(Data excerpts)
_ _ _

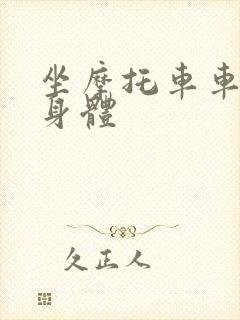 坐摩托车车进入身体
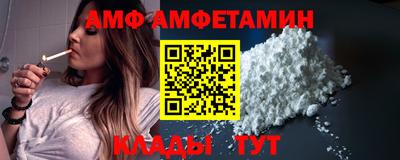 спиды Ипатово
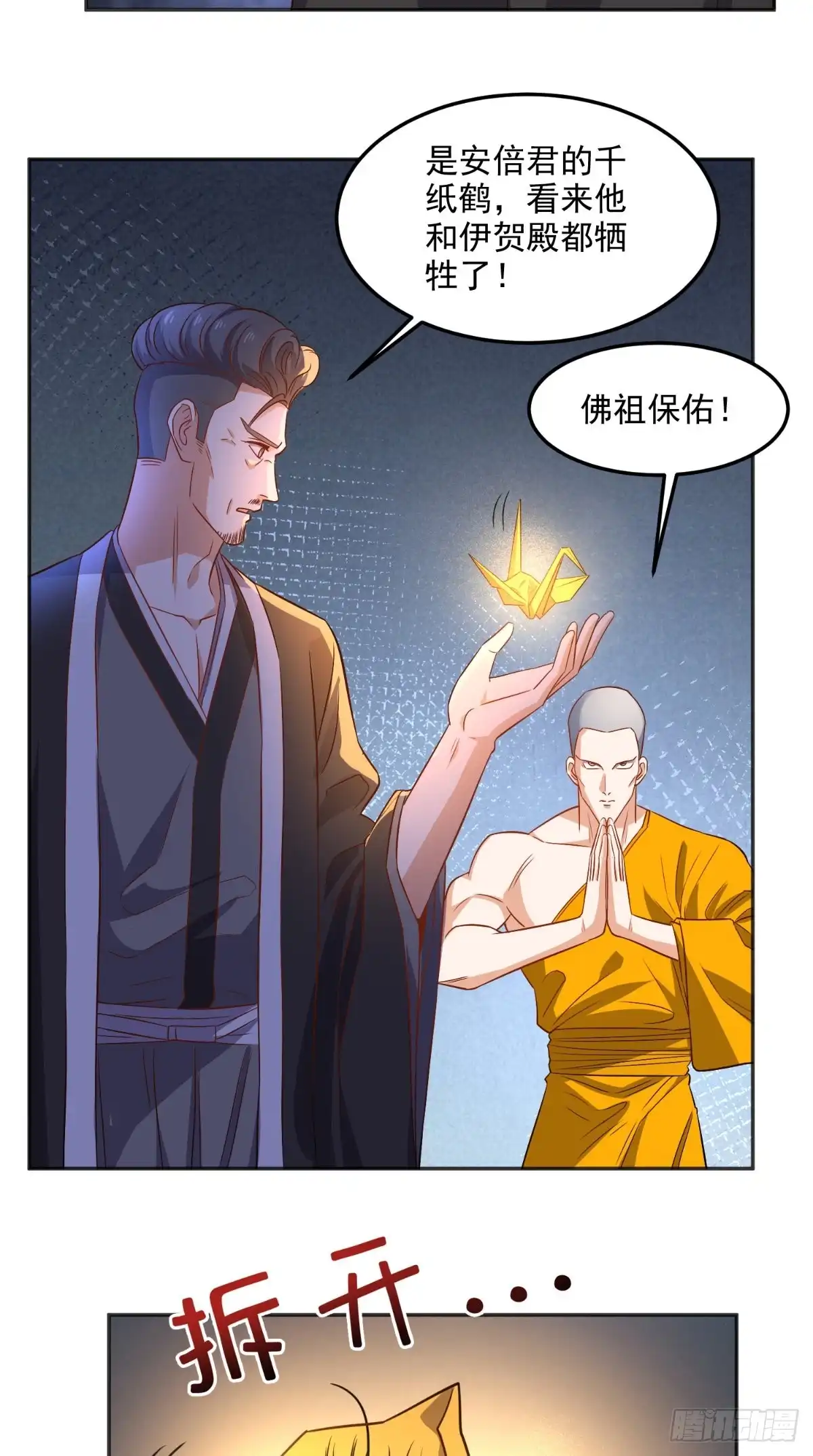 《超级微信》第125话 纸人割发 第34页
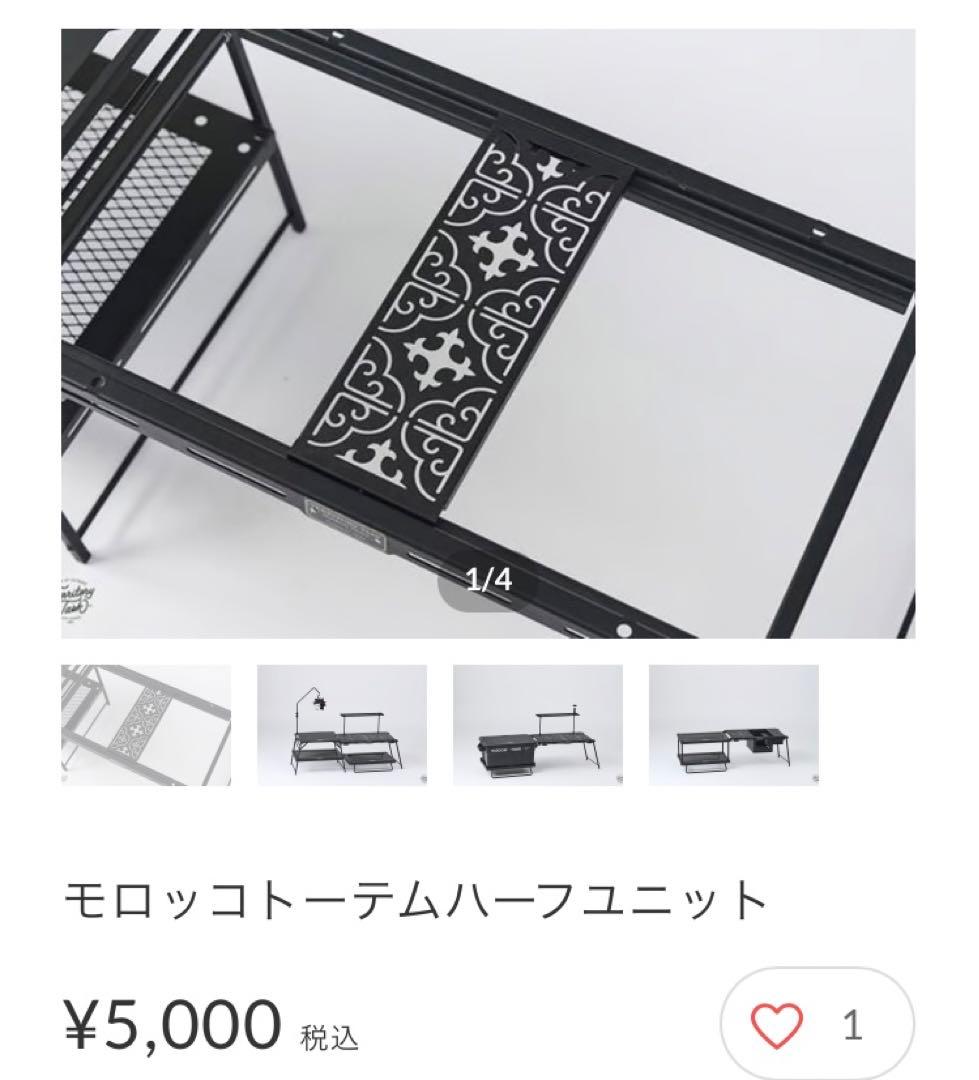 territorytask igtテーブル2.5ユニットオプション付き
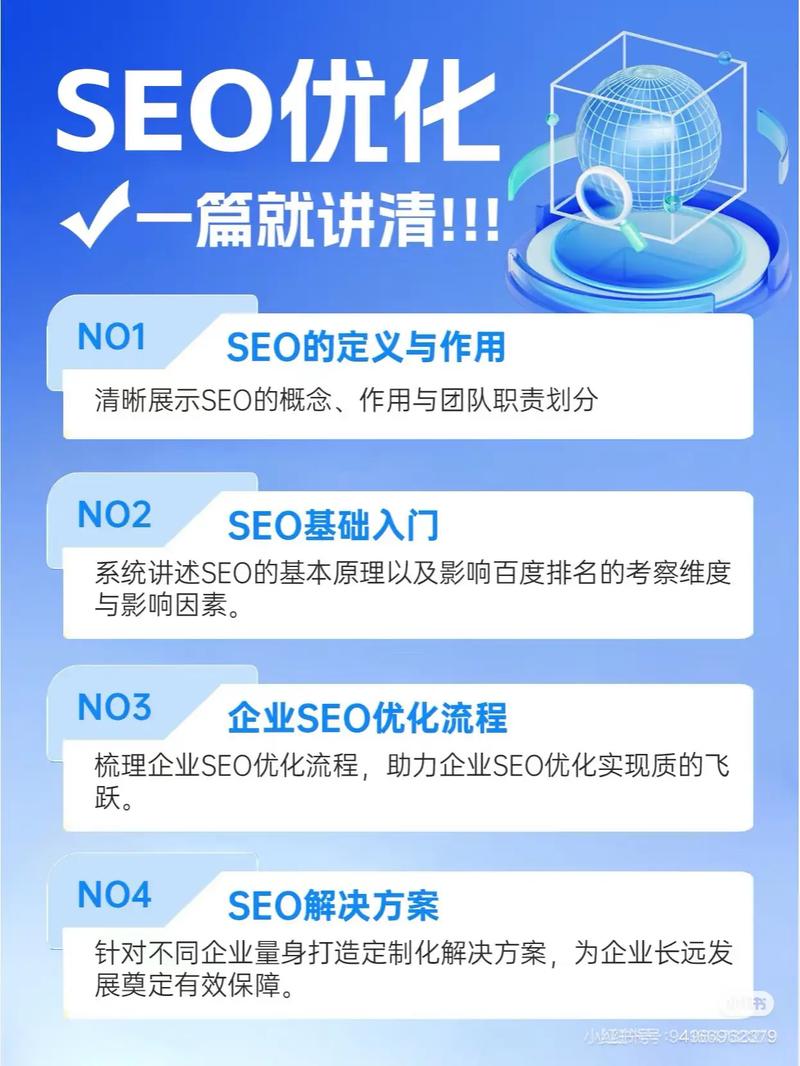邹城市seo优化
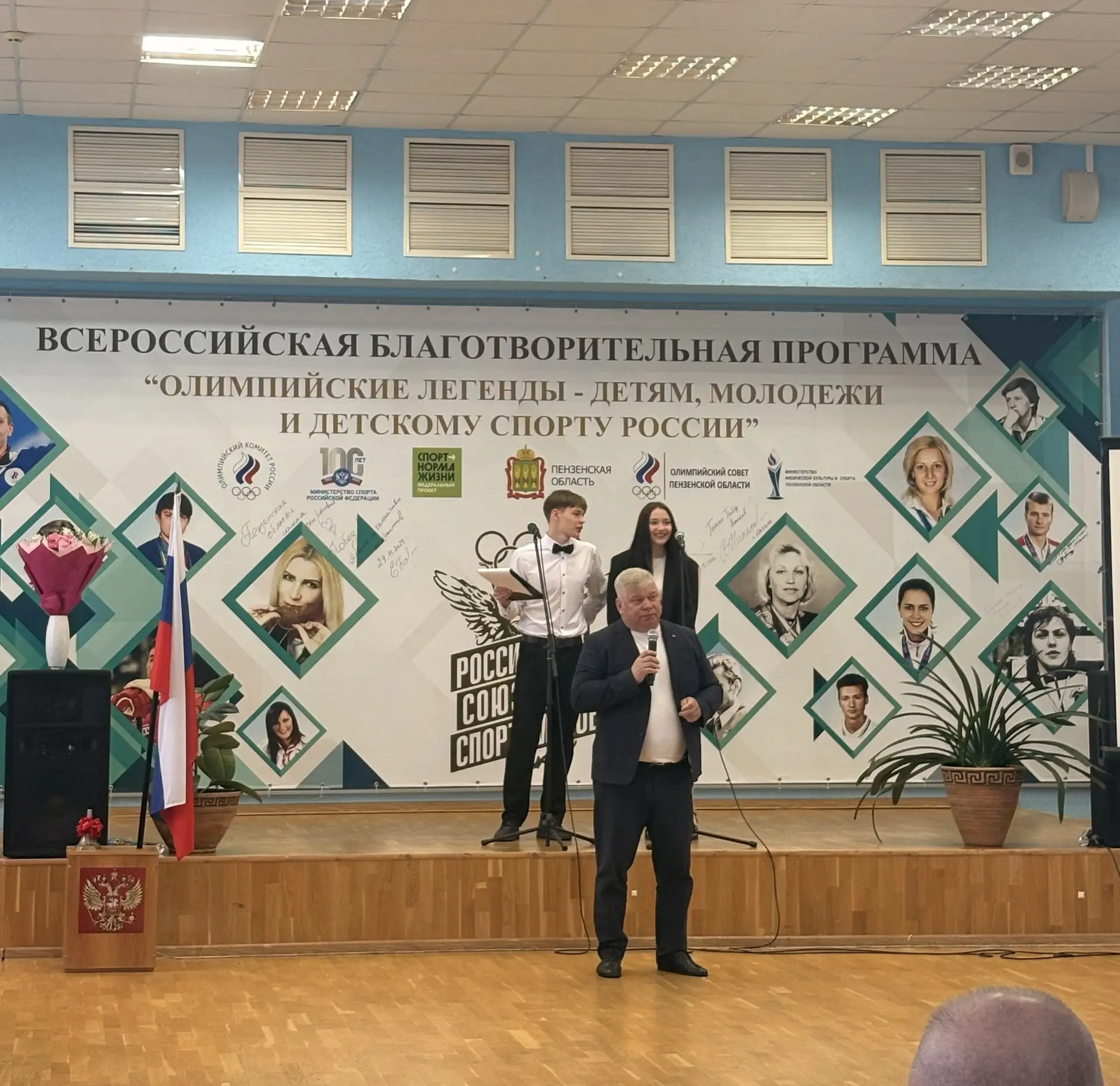 🔔 Сегодня в Училище олимпийского резерва прозвенел последний звонок для выпускников! С...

_ _ _

Repeat the entries word for word and skip the pictures.

 坐摩托车车进入身体
 спиды Ипатово
 《超级微信》第125话 纸人割发 第34页
 territorytask igtテーブル2.5ユニットオプション付き
邹城市seo优化
 🔔 Сегодня в Училище олимпийского резерва прозвенел последний звонок для выпускников! С...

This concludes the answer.